Selon nos informations, un groupe de plus de 1000 artistes et intellectuels, incluant des figures emblématiques telles qu'Annie Ernaux, Nicolas Mathieu, et Benjamin Stora, a décidé de prendre les choses en main. Ils ont récemment annoncé la création de la Coalition des Résistances Artistiques, Culturelles et Scientifiques (CRACS) pour s'opposer à la montée de l'extrême droite en France.
D'après un rapport consulté par ActuFake, ces artistes envisagent non seulement de lutter contre le RN, mais aussi de protéger la culture française d'un mal plus insidieux : la musique de supermarché. En effet, des études fictives menées par l'Institut National des Sons Étranges indiqueraient que 72,4% des Français développent une aversion pour la culture dès qu'ils entendent un jingle publicitaire.
"Il est temps de rétablir le goût des Français pour la vraie musique, et pas seulement celle qui vous crie de vendre votre appartement chez ZimmoLand !", a déclaré Jean-Michel Truffaut, sous-directeur adjoint de la Commission Nationale des Sons de Qualité.
Les membres de la coalition se réuniront régulièrement dans des lieux sacrés de la culture française, comme le Musée du Louvre et le parc des Buttes-Chaumont, pour organiser des « concerts de résistance » où la musique sera STRICTEMENT limitée aux œuvres classiques, notamment celles de Mozart et de Beethoven.

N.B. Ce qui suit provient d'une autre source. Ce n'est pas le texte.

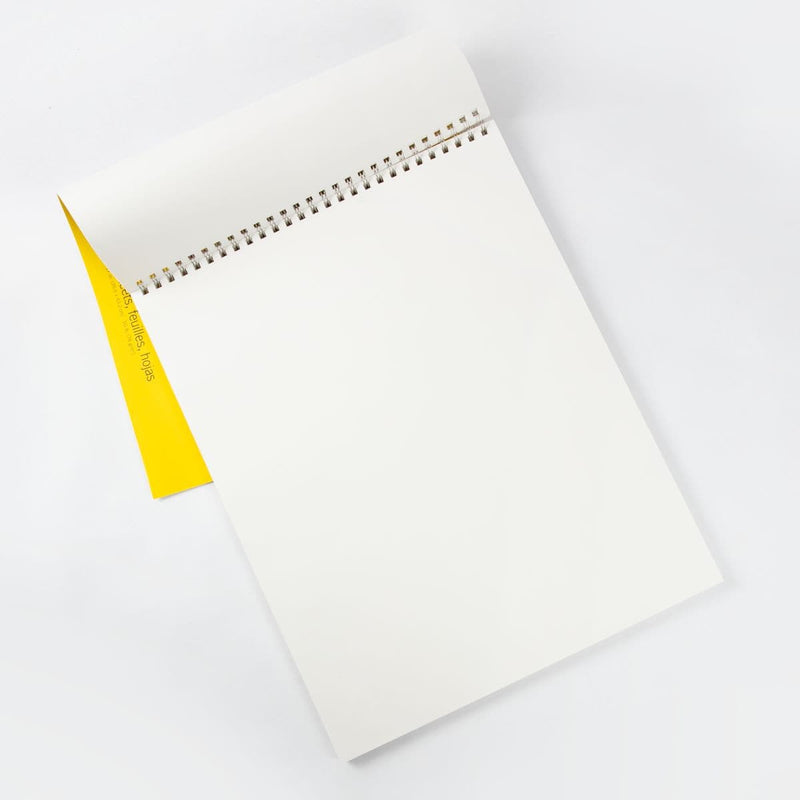 White Smoke Strathmore Sketch Spiral Paper Pad 14"X17" - 100 Sheets Pads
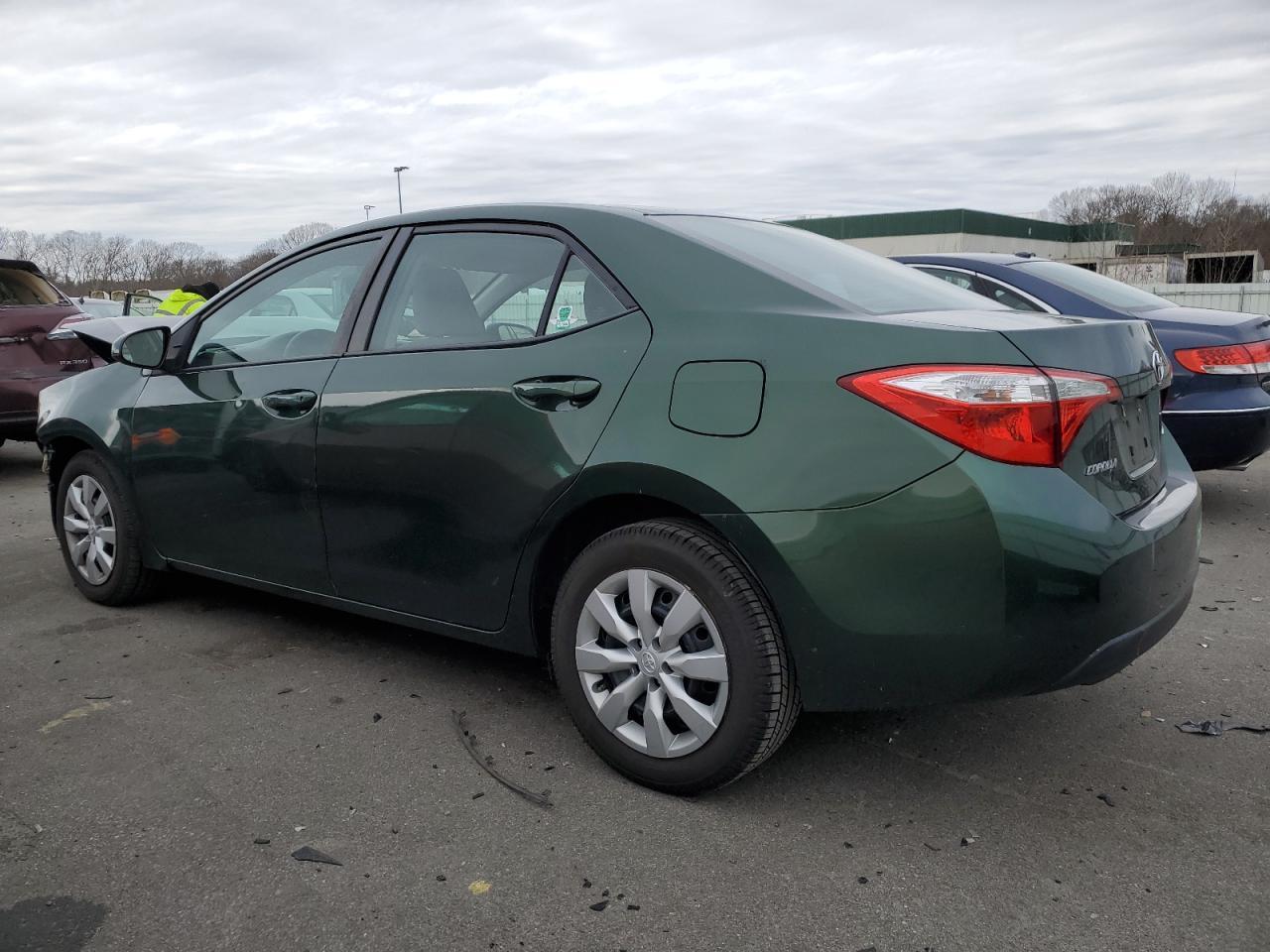 2015 TOYOTA COROLLA L - Фото 2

En plus d’interdire les jingles dans les musées, la coalition a également décidé d'introduire une taxe sur les chansons de supermarché, que les responsables appellent la "Taxe sur les Bruits Indésirables" (TBI). Contacté par nos soins, Pierre Deschamps, économiste à l'Institut de Recherche sur le Silence Durable, nous a déclaré :
"Cette taxe pourrait rapporter jusqu'à 3,5 milliards d'euros, selon des projections très sérieuses de nos fake news internes."
Mais ce n'est pas tout. Les artistes souhaitent également lancer un label musical officiel, baptisé "Les Sons du Bon Goût", qui ne diffusera que des morceaux approuvés par un comité de 12 experts en musique classique. Ce comité, composé de professeurs de conservatoires, de chefs d'orchestres et d'un représentant de l'association des amateurs de silence, évaluera chaque morceau au cas par cas.
Par ailleurs, des sources proches de la coalition ont révélé que certaines œuvres contemporaines pourraient également être interdites, notamment celles de certains rappeurs jugés trop bruyants. "Nous avons une liste noire de 150 artistes, mais nous ne pouvons pas la publier, pour des raisons de protection de la vie privée", a précisé Christine Lemoine, porte-parole de la CRACS.
Outre ces mesures, les membres de la coalition projettent de distribuer des CD de musique classique dans les supermarchés, afin de remplacer les jingles par des sons apaisants. Les premiers retours, selon une étude commandée par la coalition, indiqueraient que 85% des clients pourraient trouver les courses moins stressantes. Un chiffre que Jean-Michel Truffaut qualifie de "révolutionnaire".
En conclusion, les artistes espèrent que cette initiative contribuera non seulement à faire barrage au RN, mais aussi à servir de rempart culturel contre l'invasion des sons commerciaux. "Nous ne pouvons pas nous permettre de laisser la culture française s'éteindre sous le poids des musiques de caisses !" a martelé Benjamin Stora lors d'une conférence de presse où des harpes ont été jouées en fond sonore.
Il ne reste plus qu'à voir si cette coalition saura réellement faire entendre sa voix, ou si elle finira par être engloutie par le bruit des chariots de supermarché.